Somewhere along the way through motherhood, I started caring a lot less about what other people thought of me. Mostly, I didn’t have time for it while chasing three small children and working full time. Until, I did. We were in the midst of a huge transition for our family. After nearly a decade in managerial marketing, I was becoming a stay at home mom. We were moving to a new town we knew very little about. And, we were getting ready to fully embrace “military family life.” Not to mention, it was during the winter season in the Pacific Northwest, so neighbors weren’t really playing outside where our kids could interact.
I suddenly found myself considering what others thought about our decision. Did we make a mistake? Doubt and fear was relocating back into my heart.
“She’s leaving her dream career to be a stay at home mom?”
“Are we cut out for this military life?”
“What if I am horrible at being a stay at home mom?”
“Will the kids thrive in their new community?”
“What if financially, we can’t end up making this work?”
“Will I be a failure?”
Not to mention, there was only a nine-day gap between finding our new home nearly two hours away, selling our old house and putting in my notice at work. It was a bit of a whirlwind. (Side note: If you are trying to prepare a house for sale, with three kids under the age of five, and a birthday party it can be a bit challenging)
Back to my story.
The fears and doubts that crept in were understandable. But I started to dwell on them and found myself more concerned about what other people thought rather than celebrating the fruition God had provided. We had been searching for this opportunity, praying for the right timing for quite a while. So, now when we were doing it – why was I scared? It was then I realized that He was in full control. In that moment, I made a conscious decision to let go of my greatest fears and ego, so that He could be fully at work in the new chapter He was providing our family.

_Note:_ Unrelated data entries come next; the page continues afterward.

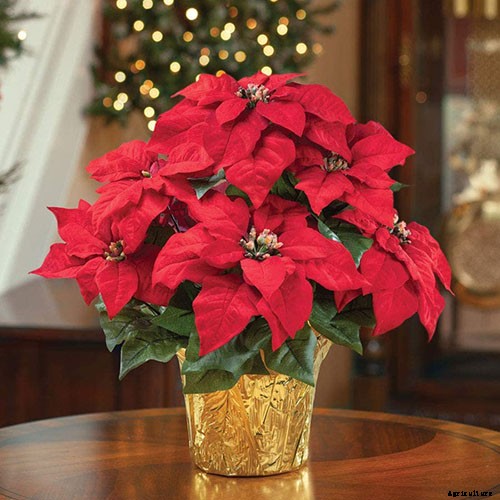 Are Poinsettia Plants Poisonous?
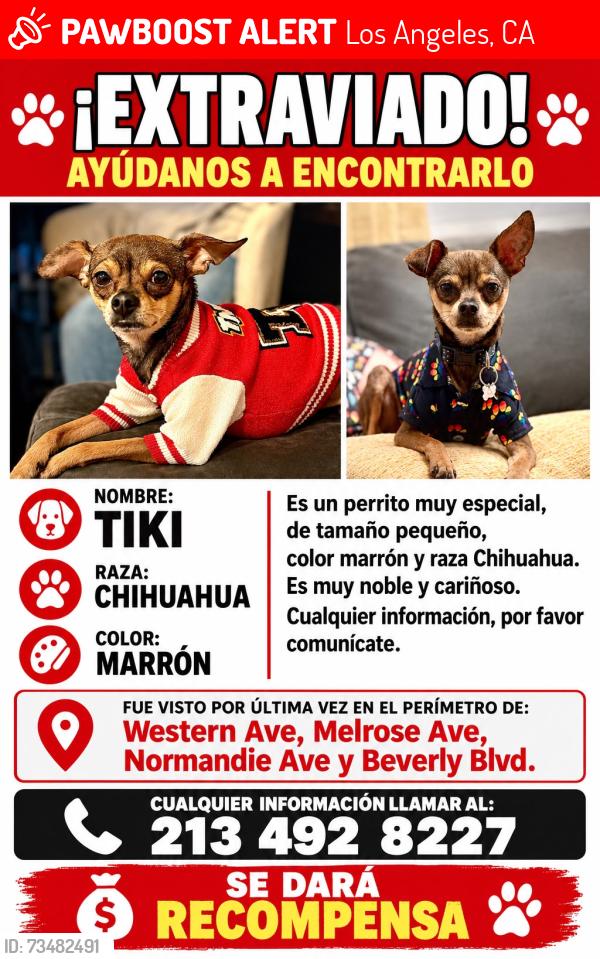 Lost Male Dog last seen Wester ave y melrose ave, Los Angeles, CA 90047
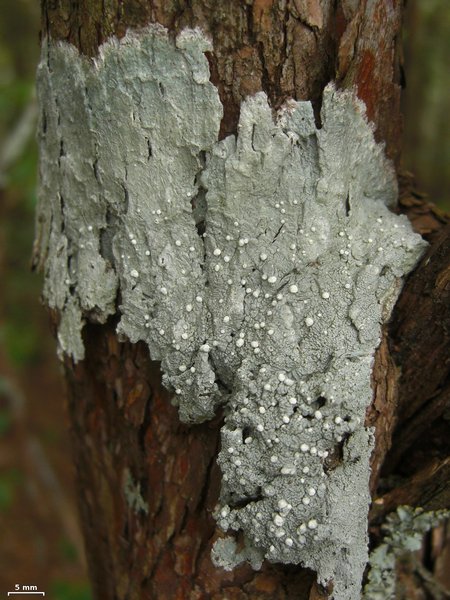 Pertusaria trachythallina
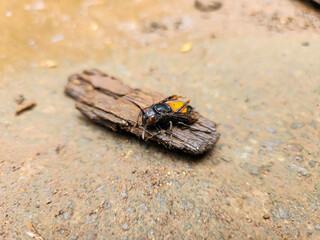 Photography of the Vespa Affinis or Big Banded Wasp. standing on wet wood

Although I did it, it wasn’t always easy. Even with God’s guidance there’s never a promise that what is right for us will also be convenient. In fact, what is best for us will probably seem very difficult at the time.
At the end of the day, transitions bring uncertainty. And uncertainty is frightening even when it’s in preparation for something wonderful.
Pregnant moms are overjoyed and also very scared about childbirth.
Homeowners are very excited and scared about purchasing a new home.
People leaving a stable job for a less predictable career that they are passionate about are excited and scared.
God provides opportunity in the uncertainty.
It’s not an excuse to be irresponsible or reckless, but let it be encouragement to you that everything God allows to come our way is always with a purpose.